Exercise brief
Instruction for the entries below: return the part that opens with the line containing "Cozinha e Área" and closes with the line containing "Chair in leather upholstery, Tekno", exactly, and no pictures.

Scraped caption text data
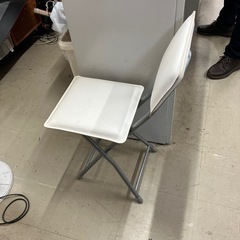 A2603-0217 ニトリ　折りたたみチェア　白　キズ汚れ有りの画像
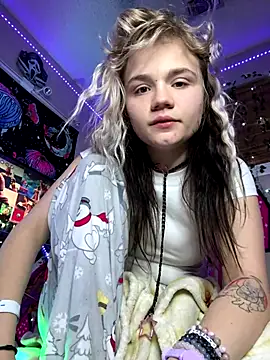 Cutiepiespanks online show from December 14, 2025, 9:58 am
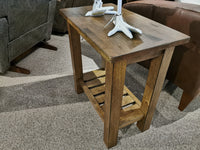 Winners Only NP101E Newport 14" End Table on carpet with a shelf and two white starfish on top.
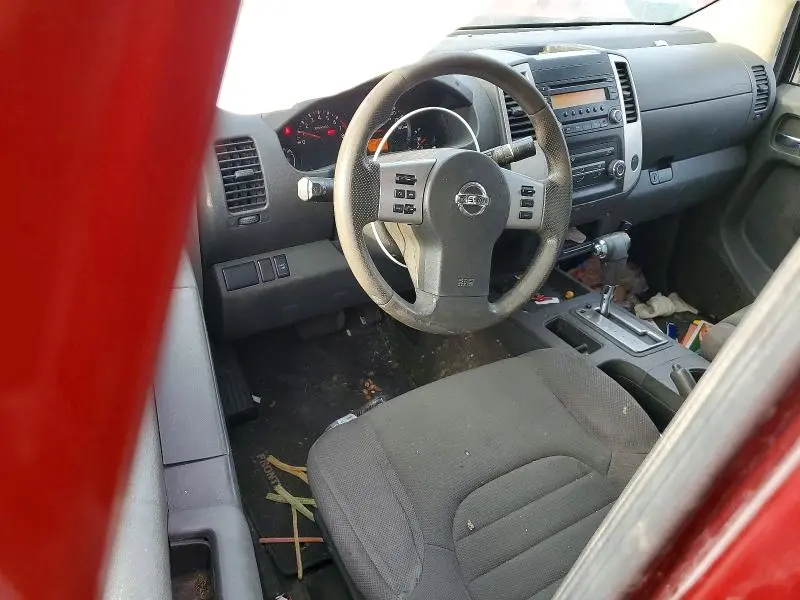 2015 NISSAN FRONTIER S  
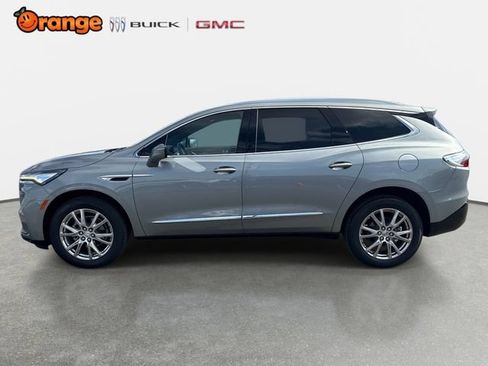 Used 2023 Buick Enclave Premium w/ Experience Buick Package FWD image 6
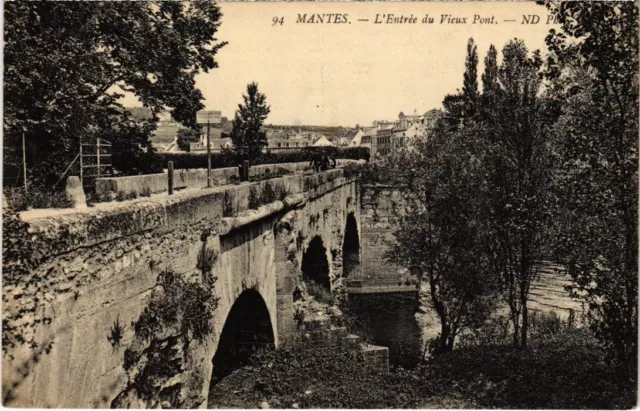 CPA Mantes L'Entree du Vieux Pont FRANCE (1333132)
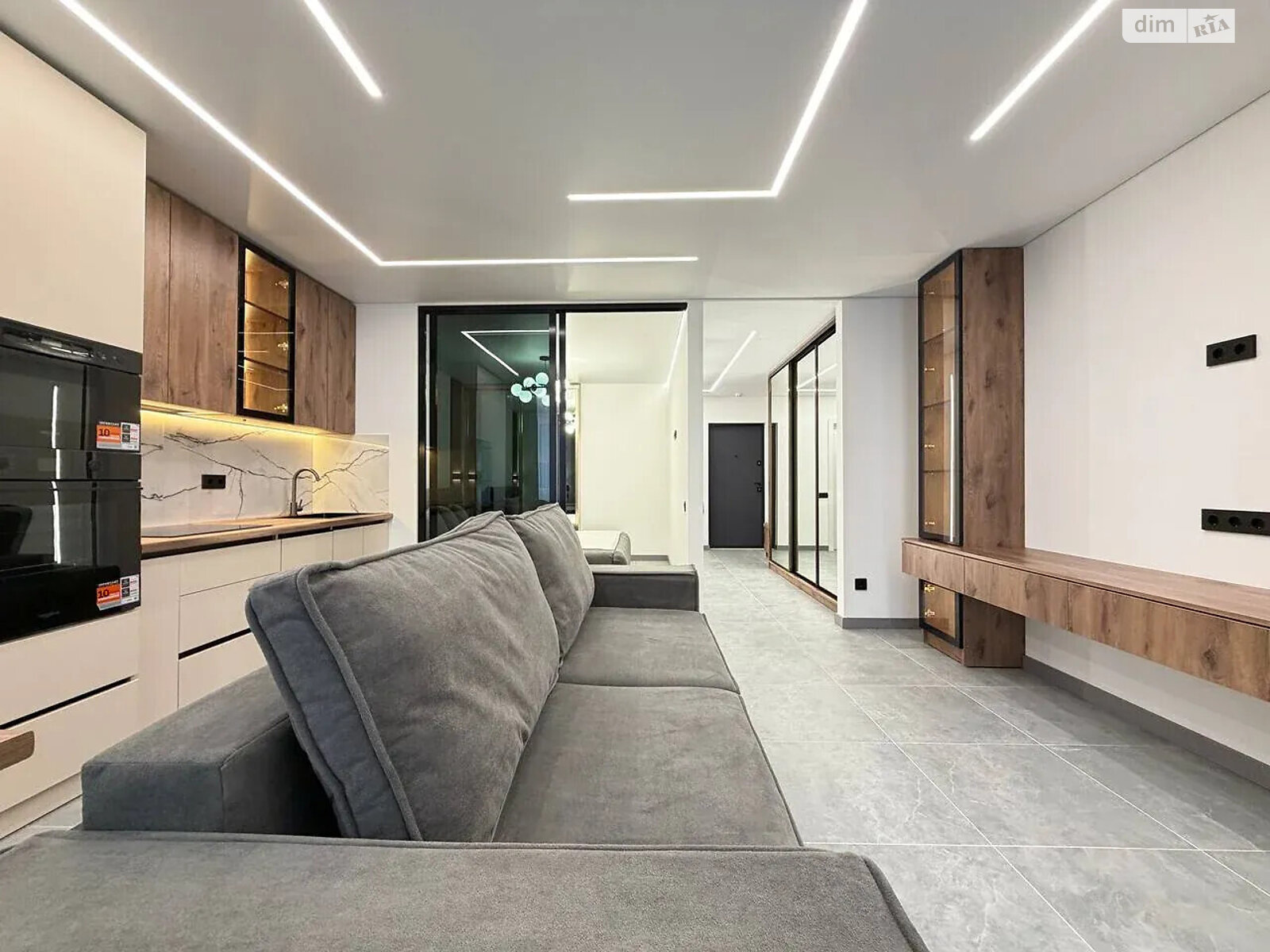 Продажа однокомнатной квартиры в Ивано-Франковске, на ул. Левицкого Романа 4, район Набережная фото 1 Продажа однокомнатной квартиры в Ивано-Франковске, на ул. Левицкого Романа 4, район Набережная фото 1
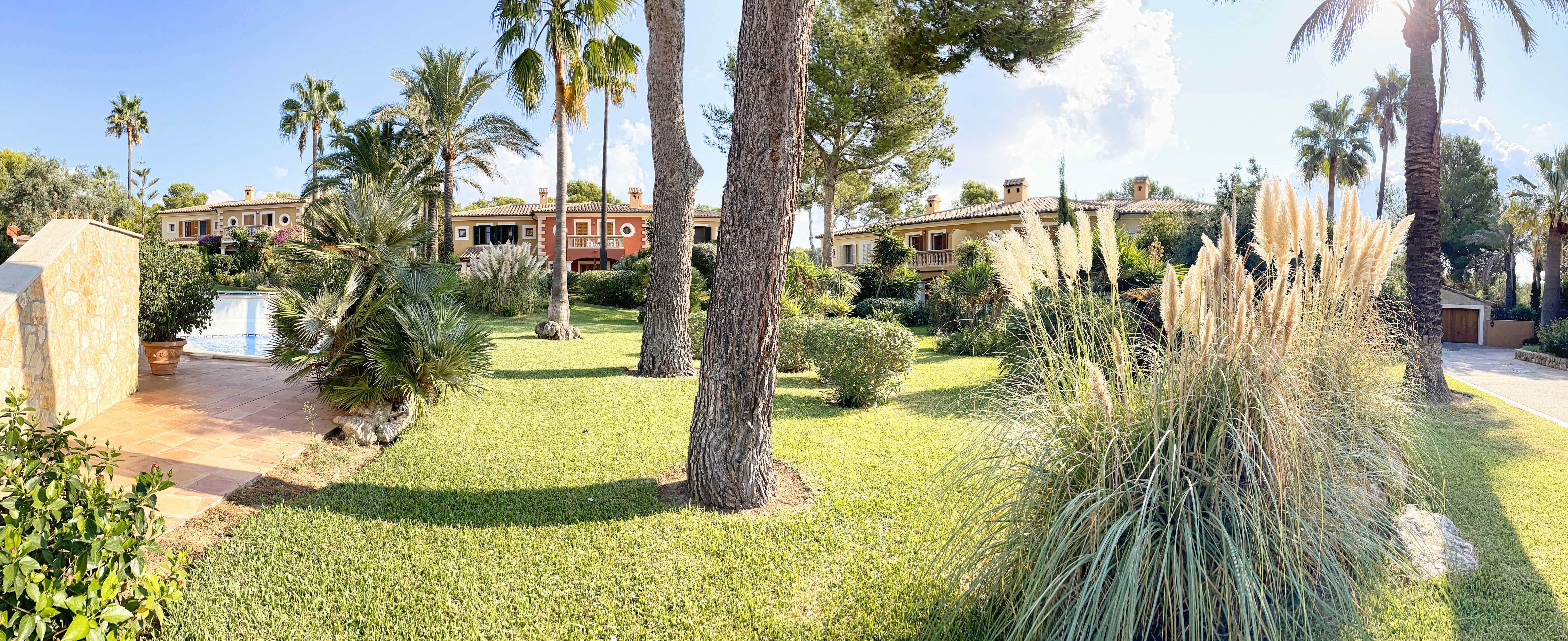 Townhouse in a beautiful residential community in Santa Ponsa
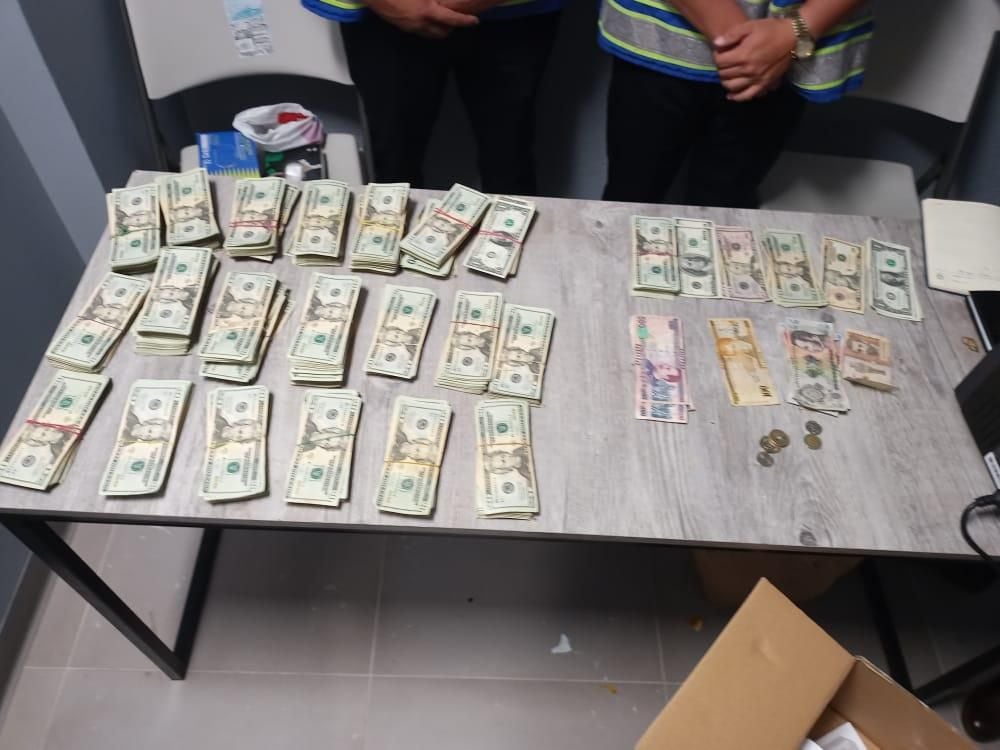 Este es el dinero que llevaba Piedad Córdoba en su equipaje, durante su viaje en Honduras.
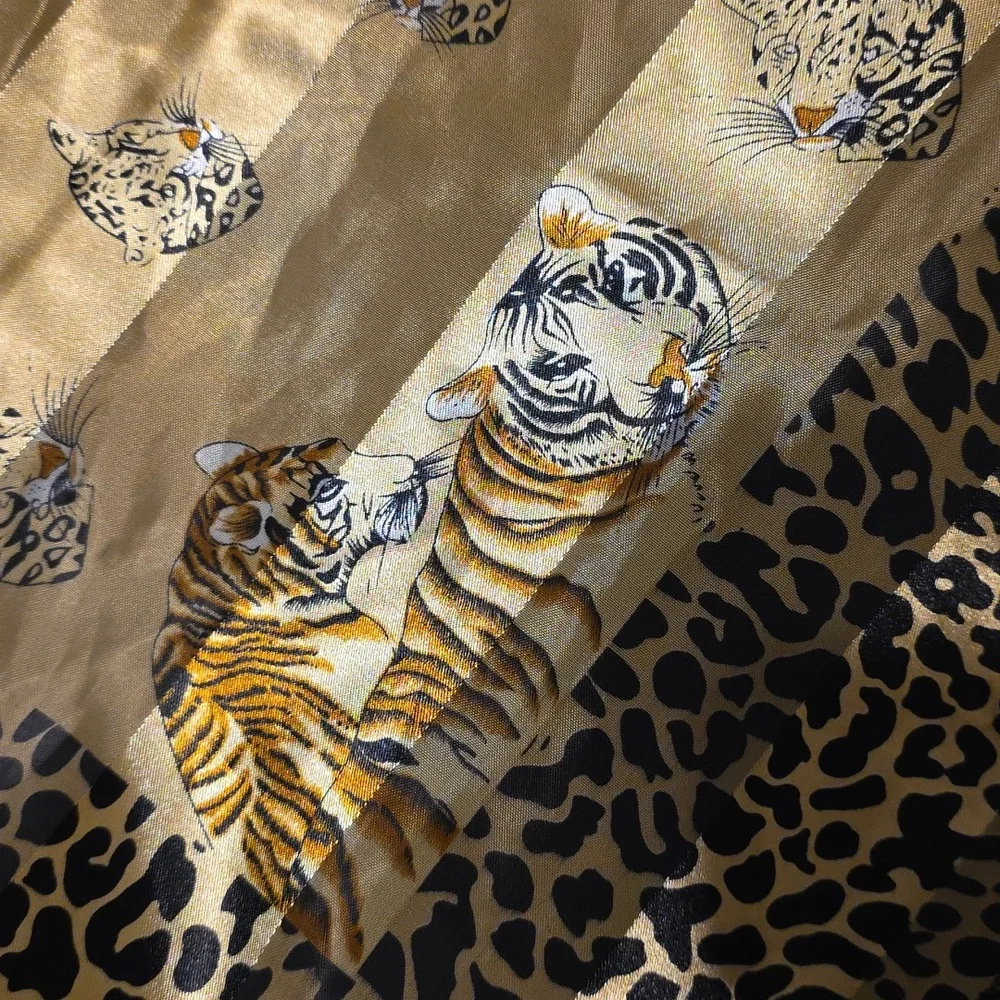 Unbranded elegant gold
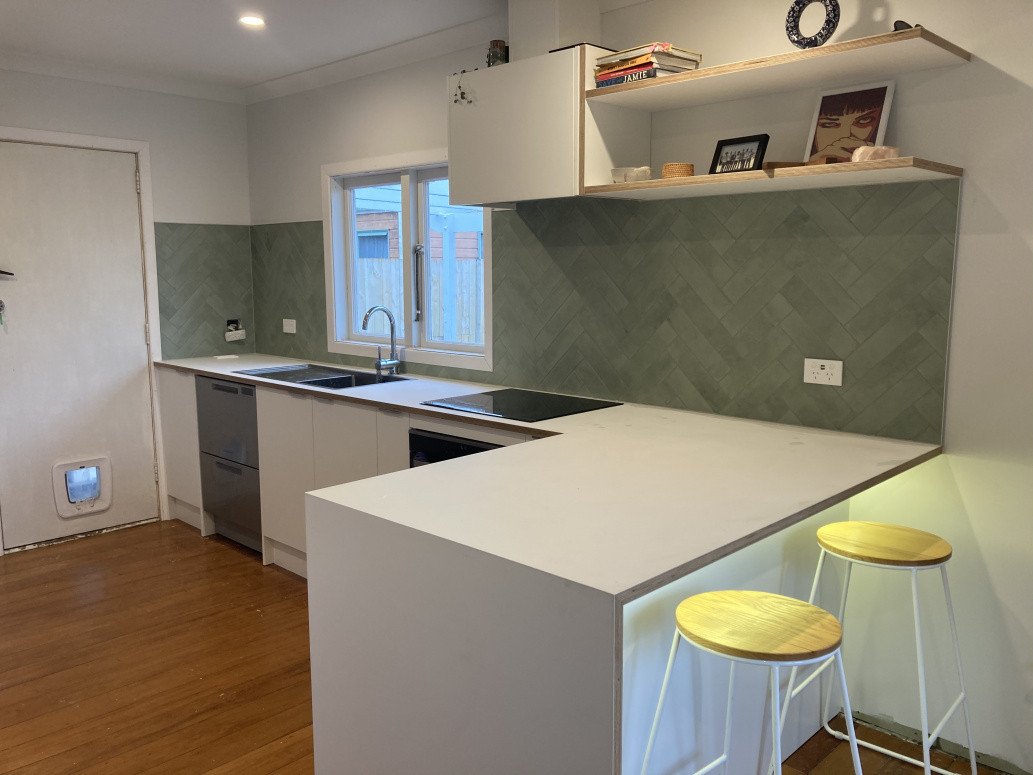 Textured Matt green 75x300mm  single stack herringbone.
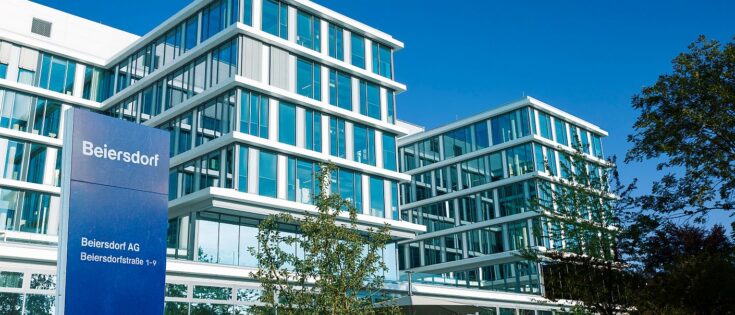 Die Straße am Campus wurde kürzlich umbenannt. Sie heißt jetzt Beiersdorfstraße und erinnert an Firmengründer Paul Carl Beiersdorf. © Fotos: Beiersdorf AG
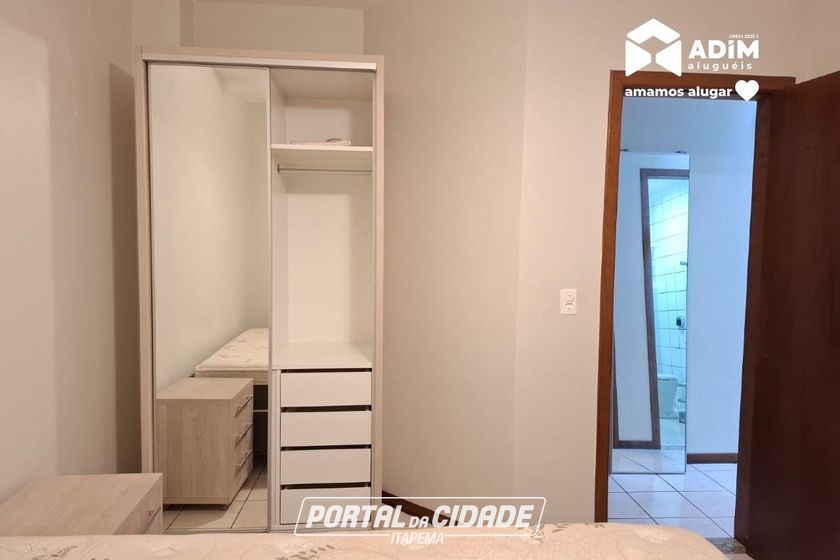 Apartamento para alugar - 193m&sup2; - Meia Praia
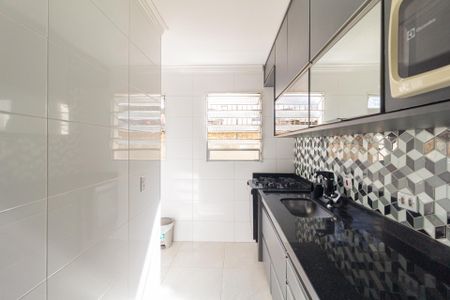 Cozinha e Área de Serviço de apartamento para alugar com 2 quartos, 50m² em Parque Jose Alexandre, Carapicuíba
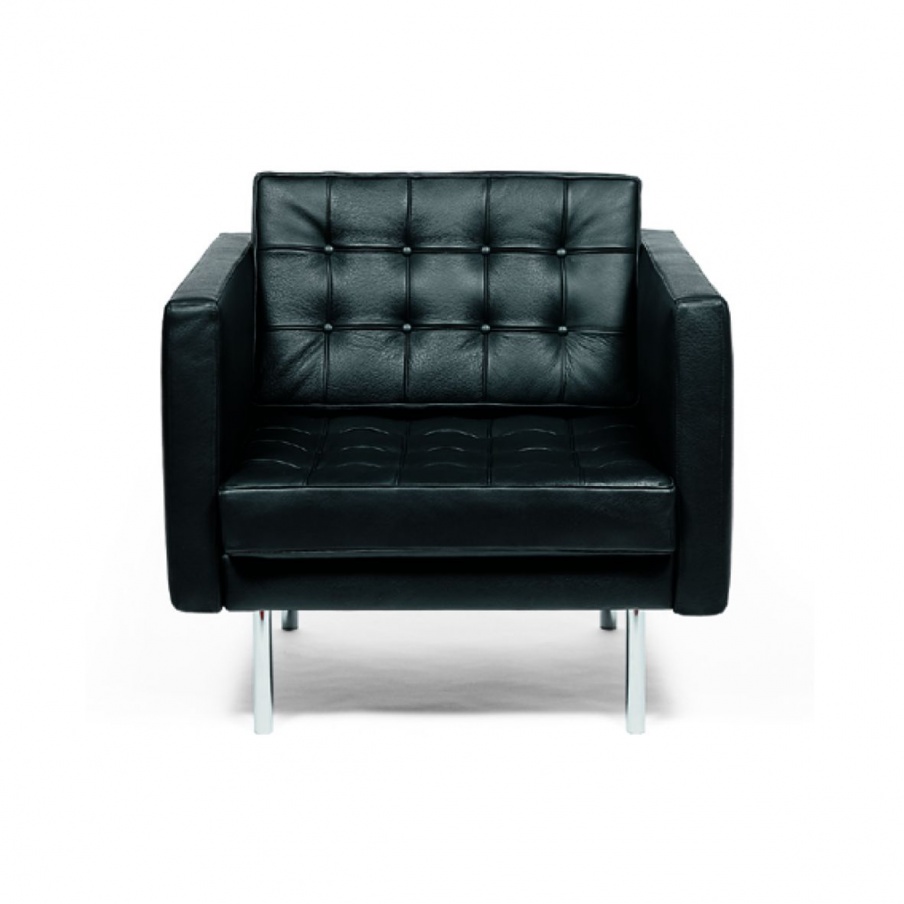 Chair in leather upholstery, Tekno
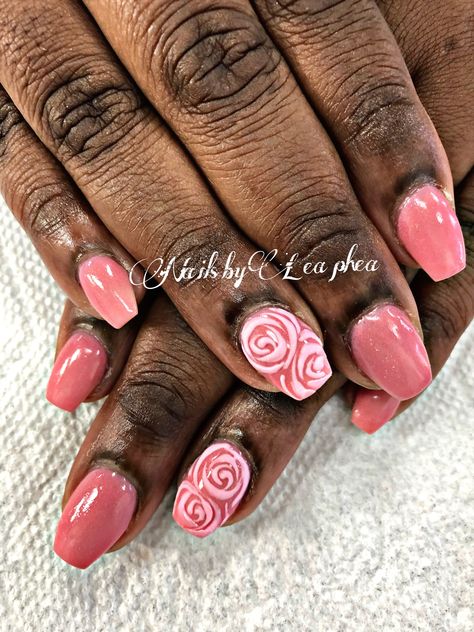 Pink Nail Inspo Almond Short, Derby Nails Design, Nail Art With Roses, Kentucky Derby Nails Art, Pink Rose Nail Designs, Pink Rose Nail Art, Pink Roses Nails, Derby Nails Kentucky, Rose Design On Nails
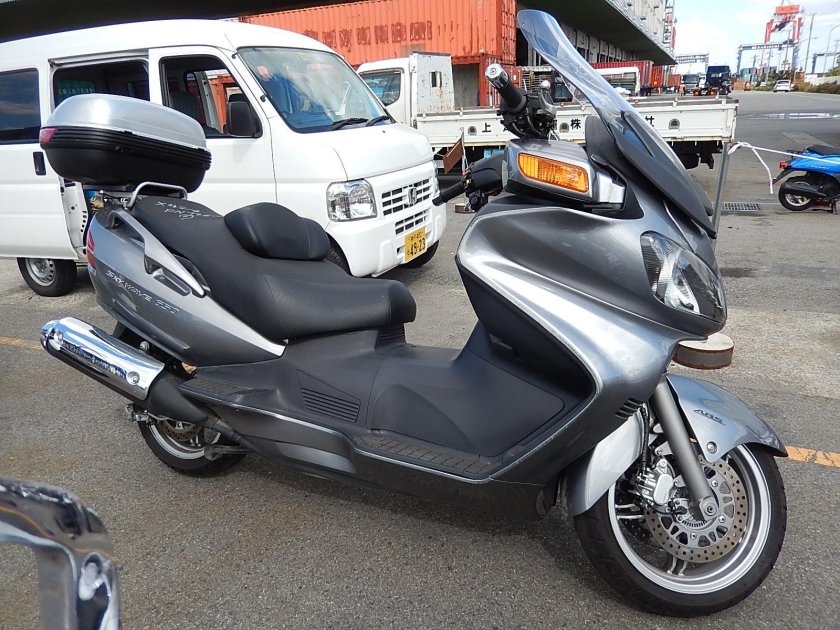 Suzuki Skywave 650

Written response
 Cozinha e Área de Serviço de apartamento para alugar com 2 quartos, 50m² em Parque Jose Alexandre, Carapicuíba
 Chair in leather upholstery, Tekno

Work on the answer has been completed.